Voltaire’s confidence in the remedy of reasonable and reasoned behaviour finds perhaps its most memorable expression in his article on fanaticism in his famous Dictionnaire philosophique: ‘The only cure for this epidemic is the philosophical cast of mind which, as it spreads from one person to the next, eventually makes us gentler in our ways and prevents all attacks of this evil; because as soon as this evil starts making progress, we have to flee and wait for the air to clear. The law and religion are too weak a defence against the plague of souls; for these souls religion, far from being health-giving nourishment, turns into a poison in infected brains. These wretched people have continually in mind the example of Ehud, King Eglon’s assassin; of Judith, who slept with Holophernes and cut off his head; and of Samuel, who chopped King Agag into pieces: they fail to see that these examples, which are respectable in antiquity, are abominable in the present day; they justify their fury by invoking a religion that in fact condemns it’ [5].
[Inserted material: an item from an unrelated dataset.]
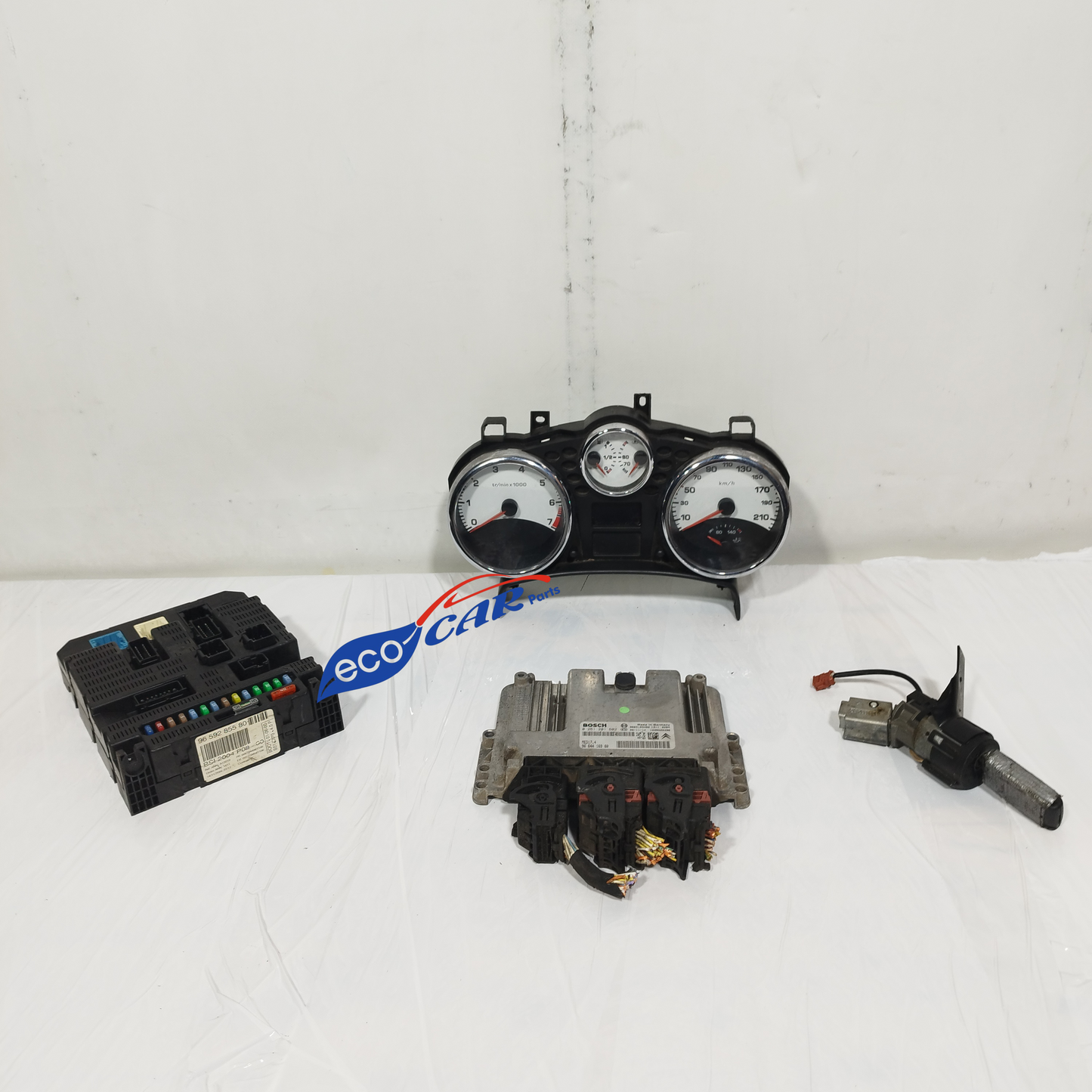 Zündanlage Peugeot 207 1.6TB 2007 Code: 0261201602 ecoAC13257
Voltaire’s diagnosis – more’s the pity – stands the test of time. In Paris, Copenhagen and Sirte – to mention just a few of the most recent examples – fanatics justify their madness by invoking a religion that in fact condemns it. The challenge to freethinking and freedom of speech remains as poisonous as ever; the antidote needs cultivating now more than ever.


[1] Caron [de Beaumarchais] est si plaisant, […] si impétueux, si extravagant et si drôle, que je mettrais ma main au feu qu’il n’a jamais empoisonné ses femmes. Les empoisonneurs ne font point pouffer de rire; ce sont d’ordinaire des chimistes très sérieux, et très peu amusants.

[2] Ceux qui diront que les temps de ces crimes sont passés font ce me semble trop d’honneur à la nature humaine. Le même poison subsiste encore quoique moins développé. Cette peste qui semble étouffée reproduit de temps en temps des germes capables d’infecter la Terre.

[3] Eux seuls ont prêché la tolérance dans le temps que toutes les sectes sont intolérantes autant qu’elles le peuvent. Les philosophes sont les médecins des âmes dont les fanatiques sont les empoisonneurs.

[4] Au bout du compte elle est la consolatrice de la vie, et son contraire en est le poison. Laissez faire, il est impossible d’empêcher de penser et plus on pensera, moins les hommes seront malheureux.

[5] Il n’y a d’autre remède à cette maladie épidémique que l’esprit philosophique, qui répandu de proche en proche adoucit enfin les mœurs des hommes, et qui prévient les accès du mal; car dès que ce mal fait des progrès, il faut fuir, et attendre que l’air soit purifié. Les lois et la religion ne suffisent pas contre la peste des âmes; la religion loin d’être pour elles un aliment salutaire, se tourne en poison dans les cerveaux infectés. Ces misérables ont sans cesse présent à l’esprit l’exemple d’Aod, qui assassine le roi Eglon; de Judith, qui coupe la tête d’Holopherne en couchant avec lui; de Samuel qui hache en morceaux le roi Agag: ils ne voient pas que ces exemples qui sont respectables dans l’antiquité, sont abominables dans le temps présent; ils puisent leurs fureurs dans la religion même qui les condamne.